It is known, that antigradient $-\nabla f (x_0)$ is the direction of the steepest descent of the function $f(x)$ at point $x_0$. However, we can introduce another concept for choosing the best direction of function decreasing.

Given $f(x)$ and a point $x_0$. Define $B_\varepsilon(x_0) = \{x \in \mathbb{R}^n : d(x, x_0) = \varepsilon^2 \}$ as the set of points with distance $\varepsilon$ to $x_0$. Here we presume the existence of a distance function $d(x, x_0)$.

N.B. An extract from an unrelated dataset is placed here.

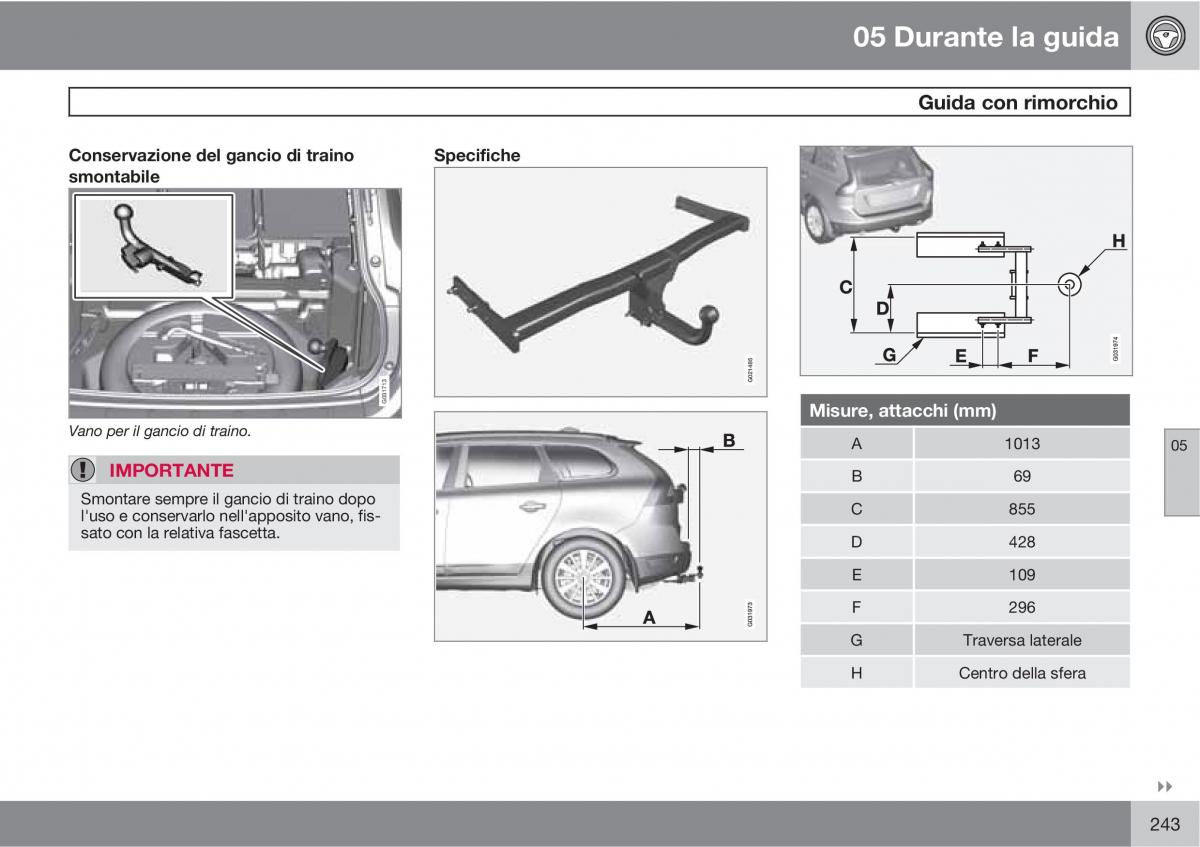 manual  Volvo XC60 I 1 manuale del proprietario / page 243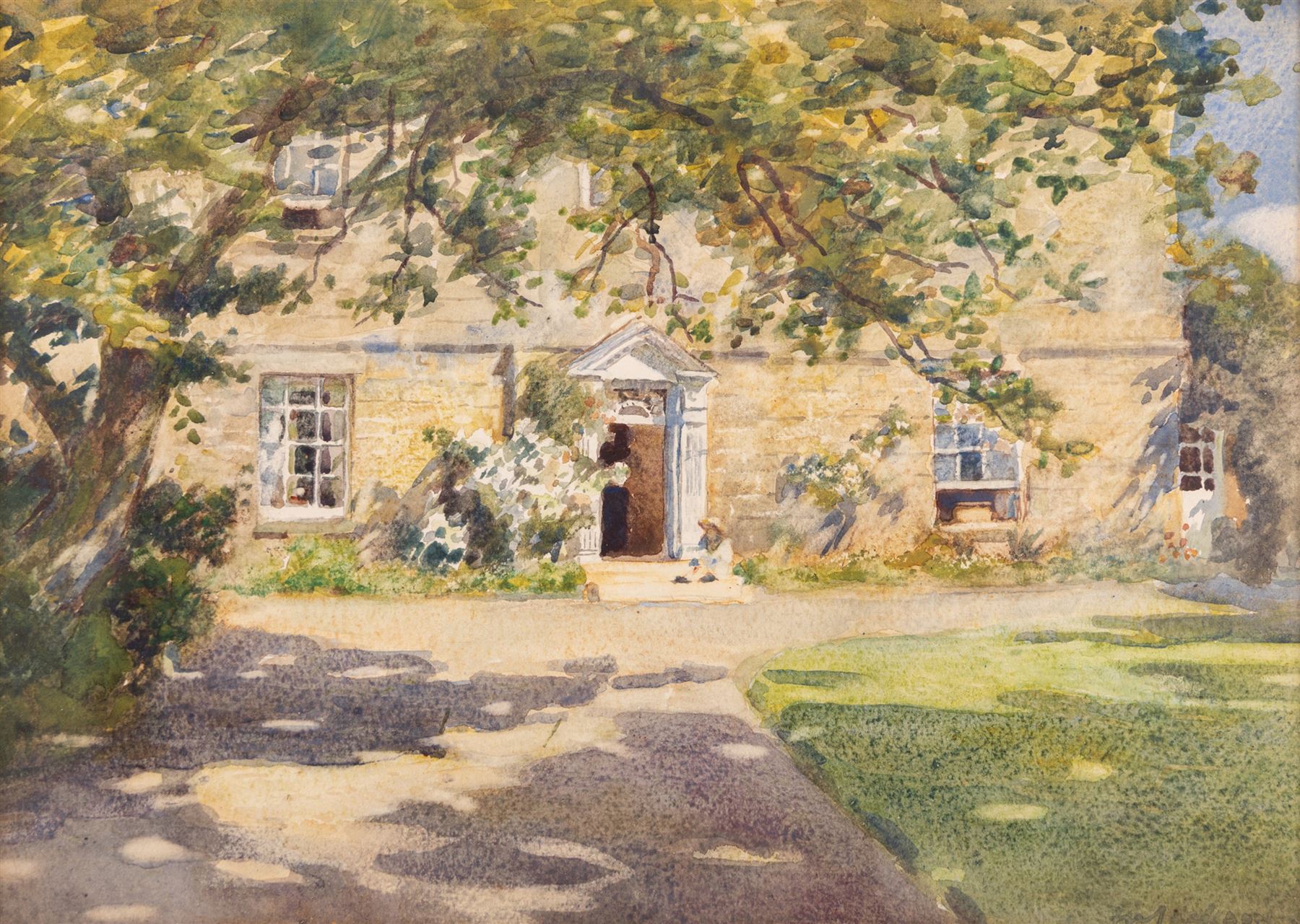 Frederick William Jackson (Staithes Group 1859-1918): The Old Rectory Hinderwell Near Whitby, North Yorkshire, watercolour signed 24cm x 34cm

$x^* = \text{arg}\min_{x \in B_\varepsilon(x_0)} f(x)$

Than, we can define another steepest descent direction in terms of minimizer of function on a sphere:

$s = \lim_{\varepsilon \to 0} \frac{x^* - x_0}{\varepsilon}$

Let us assume that the distance is defined locally by some metric $A$:

$d(x, x_0) = (x-x_0)^\top A (x-x_0)$

Let us also consider first order Taylor approximation of a function $f(x)$ near the point $x_0$:

$\tag{A1} f(x_0 + \delta x) \approx f(x_0) + \nabla f(x_0)^\top \delta x$

Now we can explicitly pose a problem of finding $s$, as it was stated above.

$\begin{split} &\min_{\delta x \in \mathbb{R^n}} f(x_0 + \delta x) \\ \text{s.t.}\;& \delta x^\top A \delta x = \varepsilon^2 \end{split}$

Using $\text{(A1)}$ it can be written as:

$\begin{split} &\min_{\delta x \in \mathbb{R^n}} \nabla f(x_0)^\top \delta x \\ \text{s.t.}\;& \delta x^\top A \delta x = \varepsilon^2 \end{split}$

Using Lagrange multipliers method, we can easily conclude, that the answer is:

$\delta x = - \frac{2 \varepsilon^2}{\nabla f (x_0)^\top A^{-1} \nabla f (x_0)} A^{-1} \nabla f$

Which means, that new direction of steepest descent is nothing else, but $A^{-1} \nabla f(x_0)$.

Indeed, if the space is isotropic and $A = I$, we immediately have gradient descent formula, while Newton method uses local Hessian as a metric matrix.